Google has released a bunch of new maps-related products: Google Earth 4, a new version of 3D graphics tool SketchUp, support for geocoding in Google Maps, and my personal favorite Google Maps for Enterprise. According to the official Google Blog, the Enterprise edition of Google Maps offers:
"...a fee-based service and support for businesses that want to embed a Google Maps experience in their websites or internal applications. It leverages the Google Maps API to enable businesses to map customer locations, track shipments, manage facilities or view any other data source in a geographic context."
The Enterprise customers will in future choose whether or not advertising is displayed Google Enterprise Blog has more information on this. Also see the FAQ, which notes that pricing starts at $10,000 and is "based on the number of calls to the Google Maps for Enterprise API". This enables businesses to use Google Maps for commercial use for internal and external applications. According to Google, this fee also covers implementation guidance and telephone/email support. Businesses can however take it for a trial run first, before deciding whether to pony up the cash. Also noteworthy is that Google Maps for Enterprise is only available for now in the US and Canada.
Advertising may become a feature of the product in the future, but enterprise customers will be able to choose whether or not ads will be displayed. However Google notes: "we hope you find it so useful that you choose to include it". This to me points to what I believe to be Google's long-term enterprise strategy - utilizing its leading online advertising platform inside the firewall. It remains to be seen whether that pans out, but I thought it was an interesting little comment in the FAQ that Google hopes enterprises find the advertising feature "so useful that you choose to include it".
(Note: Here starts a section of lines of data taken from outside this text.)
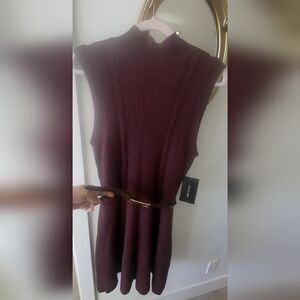 Taylor Burgundy Knit Dress with Belt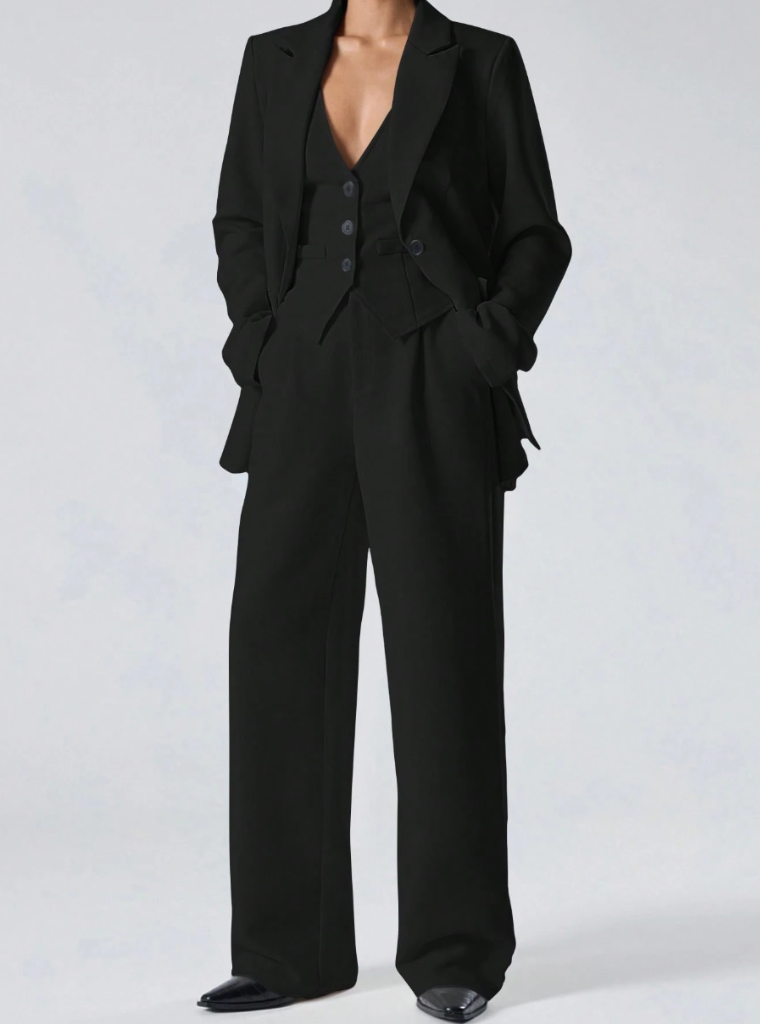 Women's V-Neck Tank Top + Long Sleeve Jacket + Long Pants Elegant Suit Set - Picture 8 of 8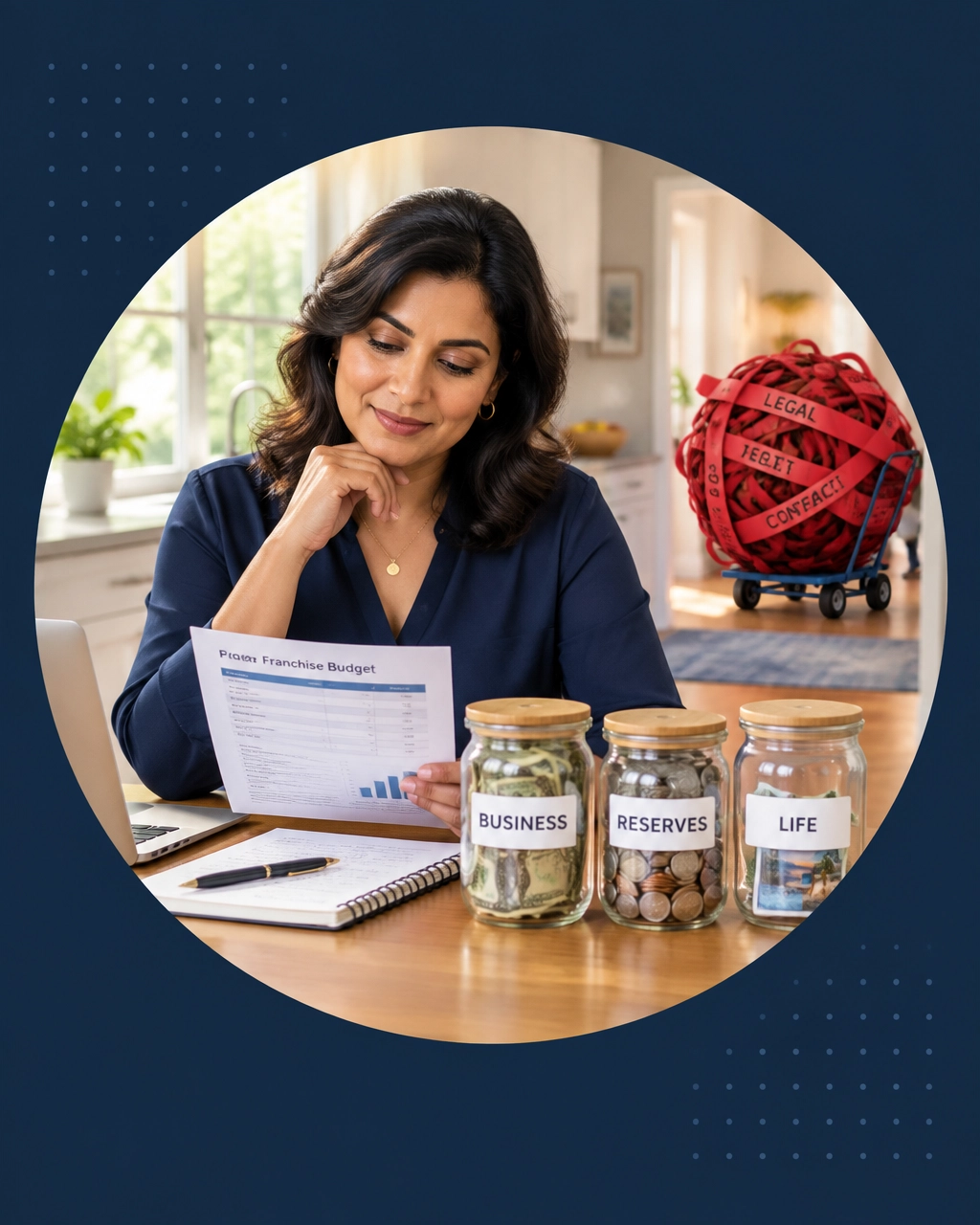 Entrepreneur reviewing a franchise budget with separate jars for business, reserves, and life while legal red tape rolls away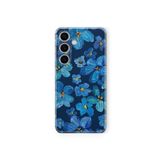 Samsung Galaxy M34 5G ile Uyumlu Mavi Çiçek Tasarım Baskılı Şeffaf Kılıf 3
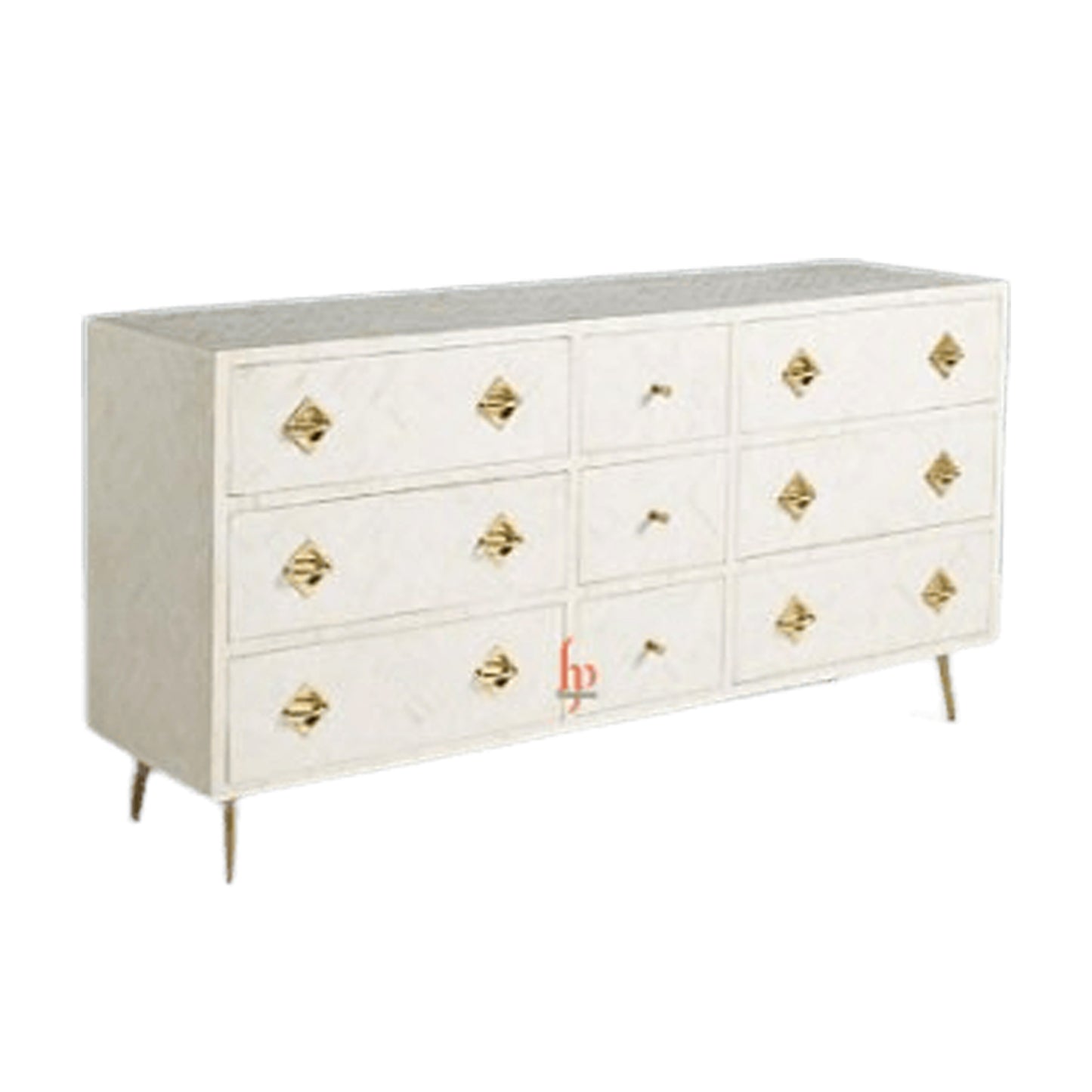 Handmade Bone Inlay Nine Drawer Storage Dresser Bone Inlay Buffet for Home Decor Purpose. I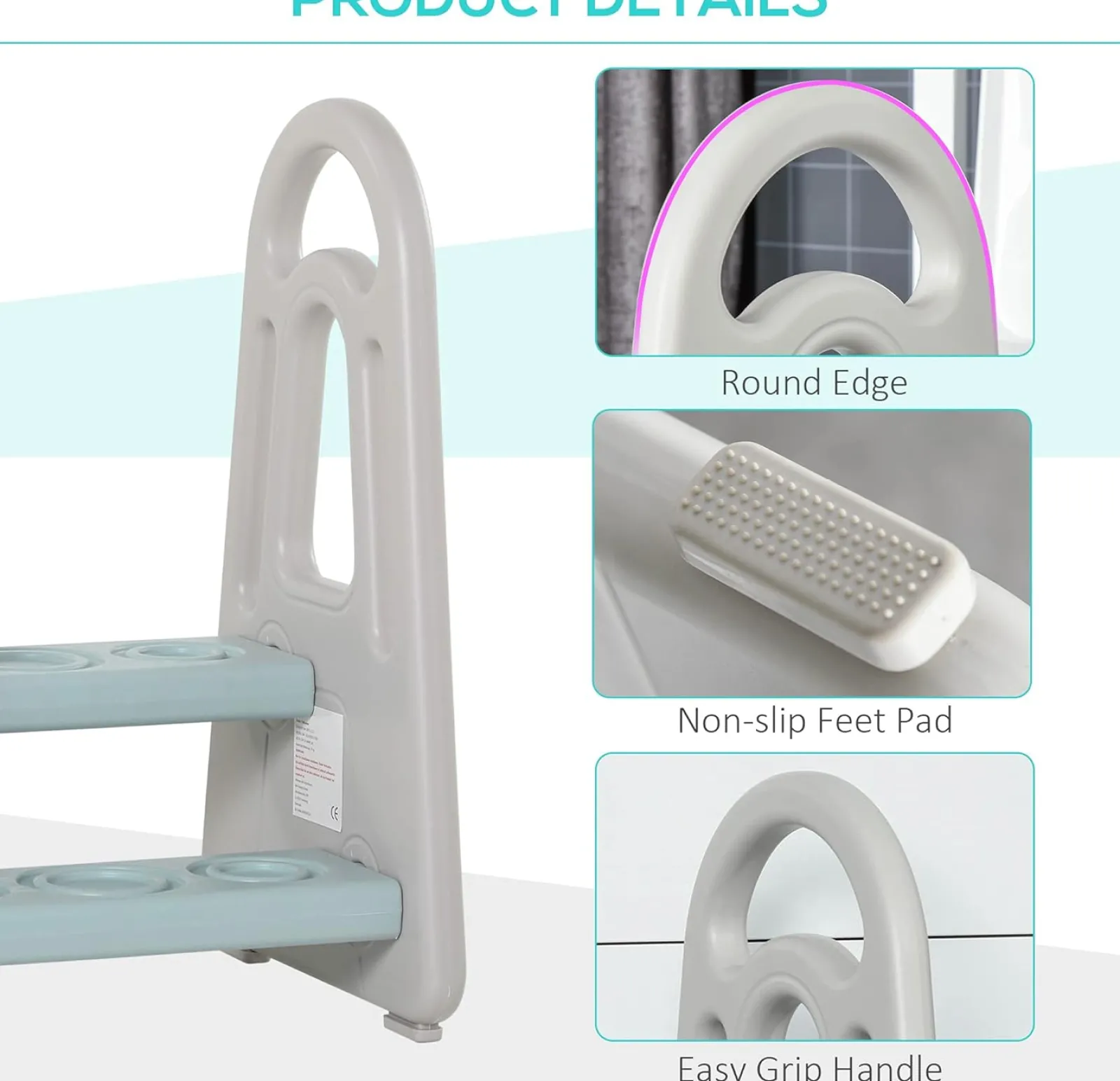 Little Helper Chairs & Stools | Step Stools | Toddler's Montessori Non Slip Plastic Step Stool | Learning Tower | Mint & Grey | 2-5 Years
Finally, Yahoo must be feeling the heat because tonight it decided to lift the commercial restrictions from the Yahoo! Maps APIs (previously you had to apply for an exception). The Yahoo Maps team notes:
"Until today, the APIs were available only for non-commercial use unless you applied for an exception. The concept of commercial and non-commercial has gone away and exceptions are no longer necessary in most cases. We have given you explicit Usage Policies to help guide you."
This opens up Yahoo Maps to a similar degree to the Google Maps API, which is free to use in "any web site that is free to consumers". It'll be interesting to see if Yahoo follows suit with an enterprise maps product too. Google seems to be leading the charge in mapping and geo products at this point in time.